*** TASK MATERIAL ***
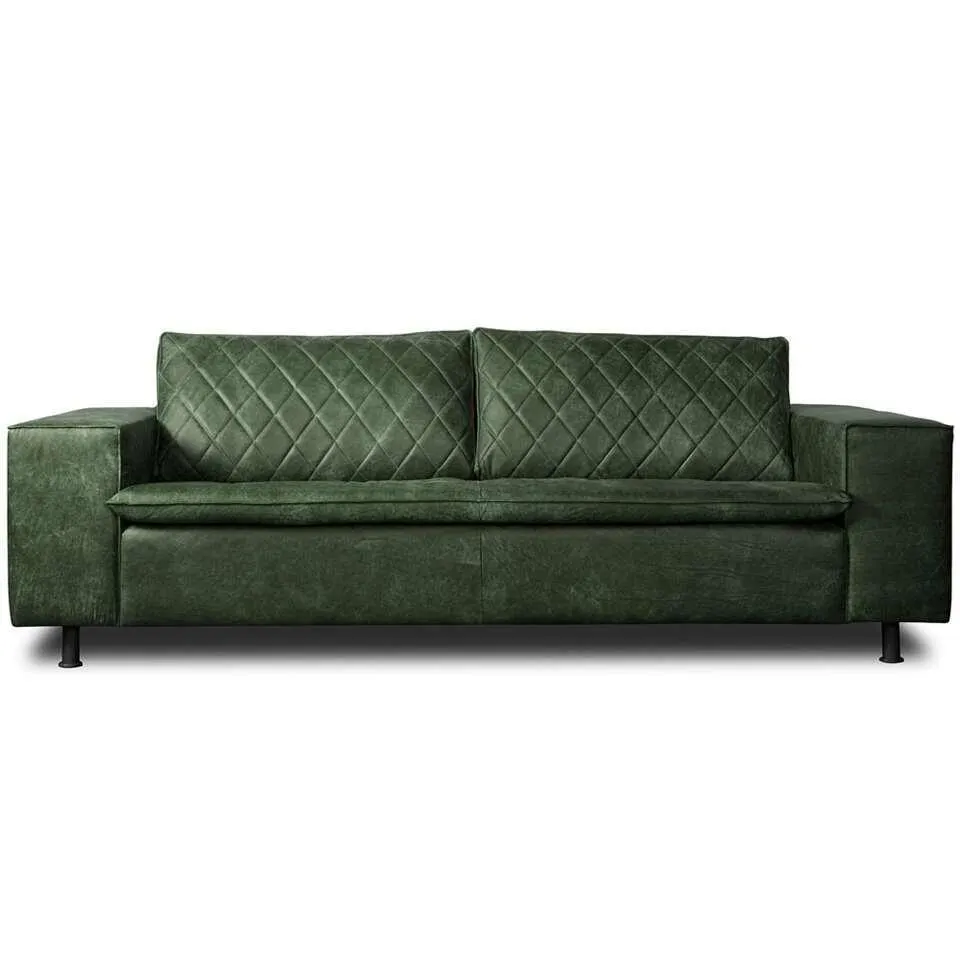 Bank Levin 3-zits - leer - groen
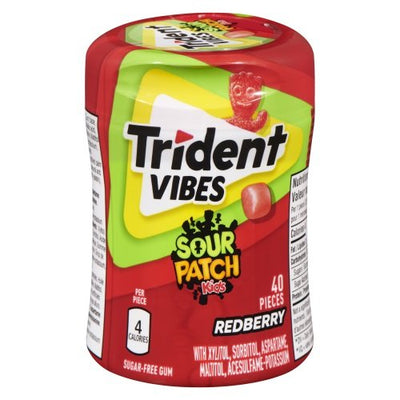 Trident Vibes Redberry Sour Patch Btl 40pc - (Box of 6)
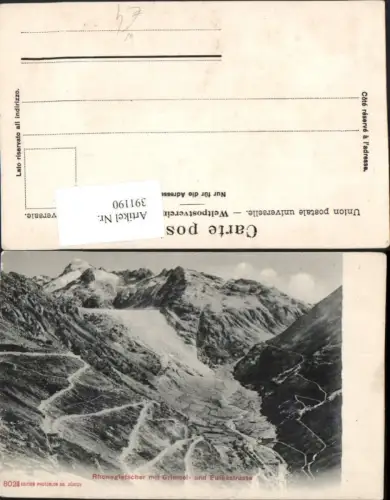 391190,Rhonegletscher m. Grimsel- und Furkastraße Bergkulisse Kt Wallis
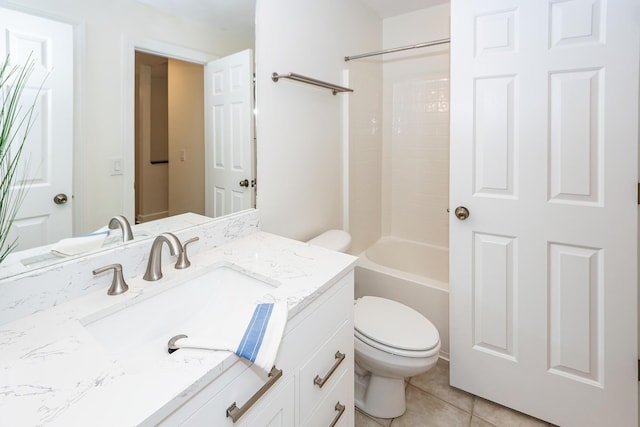 full bath featuring toilet, tile patterned floors, vanity, and shower / bathtub combination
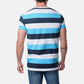 T-shirt uomo a righe turchese e blu con taschino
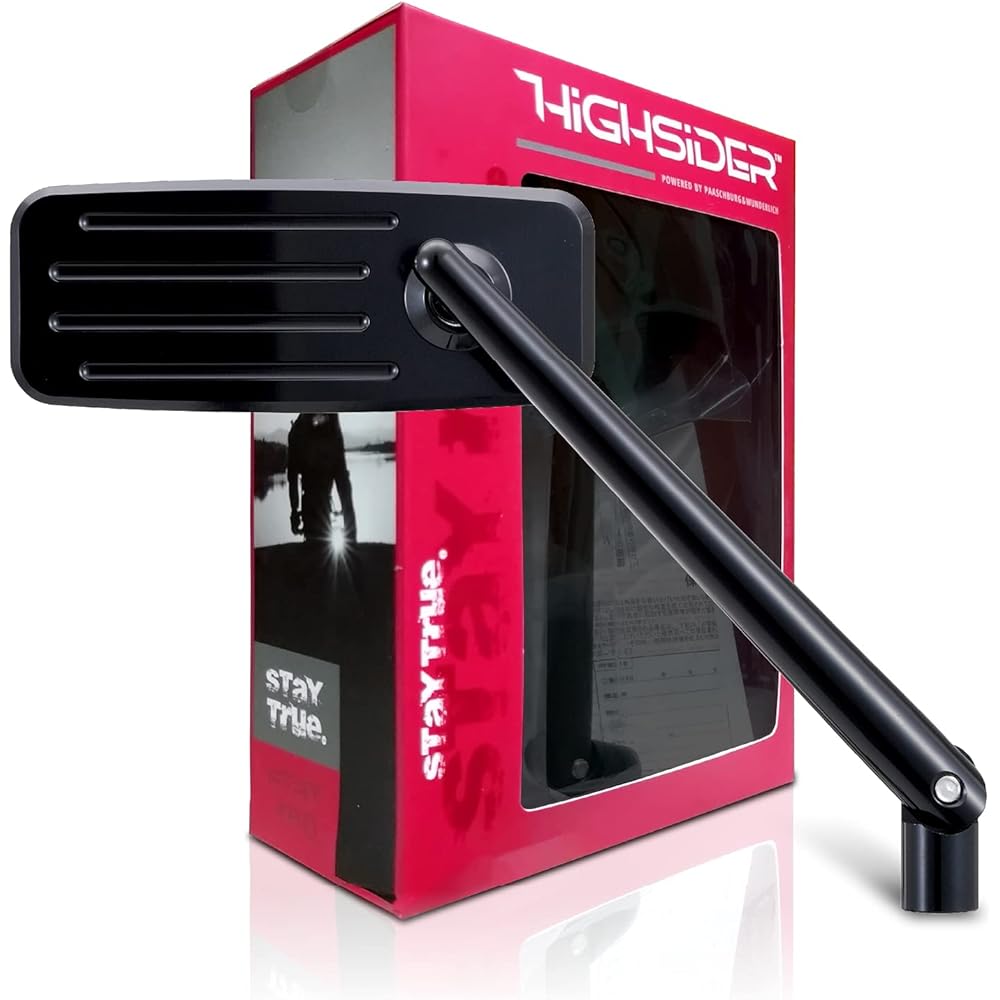 Daytona HIGHSIDER Motorcycle Rod Mirror, 1 piece on each side, 10mm forward/reverse thread compatible, action black 98585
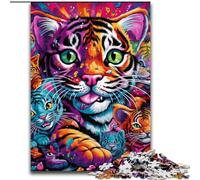 Puzzle 1000 pièces pour Adultes, Motif Tigre psychédélique, activité à Domicile pour Les Vacances, Les Anniversaires et Les soirées de Jeux en Famille (Taille : 26x38cm)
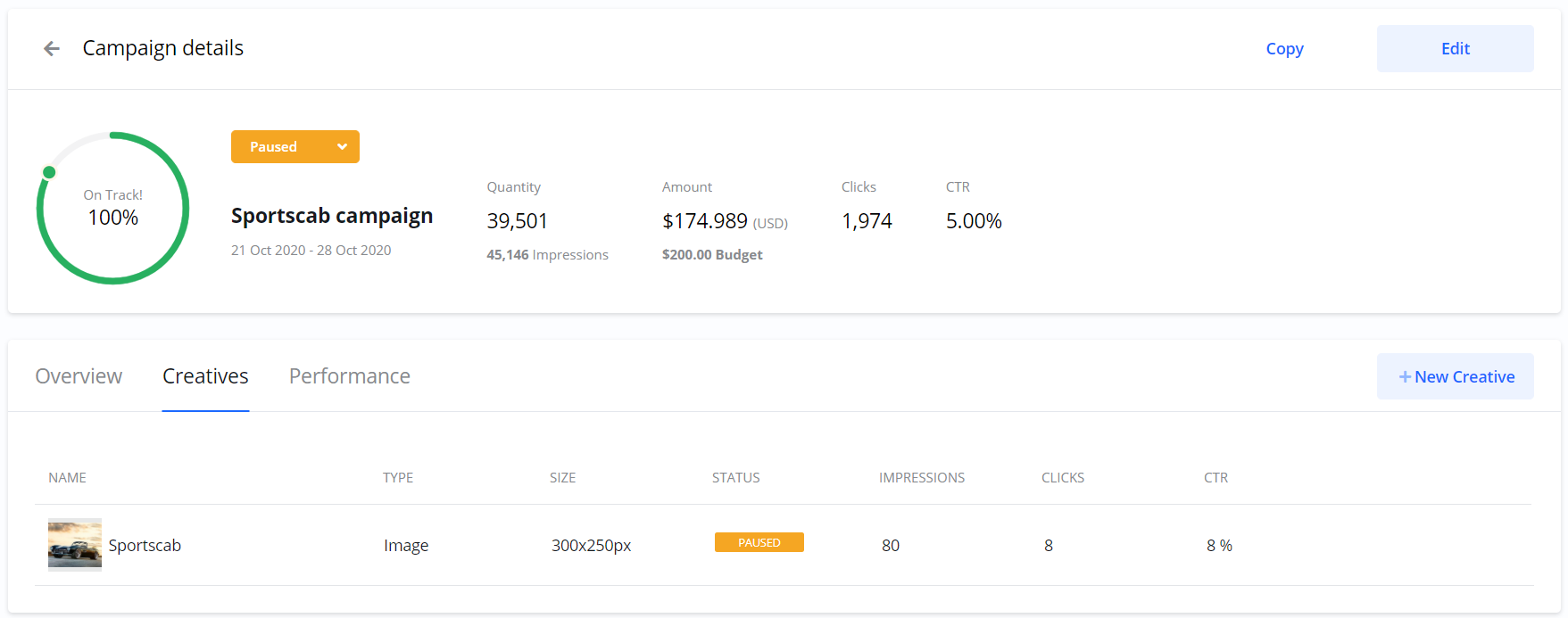 Screenshot of the 'Campaign details' page for a paused 'Sportscab campaign', showing its overall performance and the paused status of its creative.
***
- [PROMPT]: Set down exactly the lines of the entries above from the one holding "Puzzle 1000 pièces" through the last one, including both, with the pictures left out.

- [WRITTEN SOLUTION]:
 Puzzle 1000 pièces pour Adultes, Motif Tigre psychédélique, activité à Domicile pour Les Vacances, Les Anniversaires et Les soirées de Jeux en Famille (Taille : 26x38cm)
 Screenshot of the 'Campaign details' page for a paused 'Sportscab campaign', showing its overall performance and the paused status of its creative.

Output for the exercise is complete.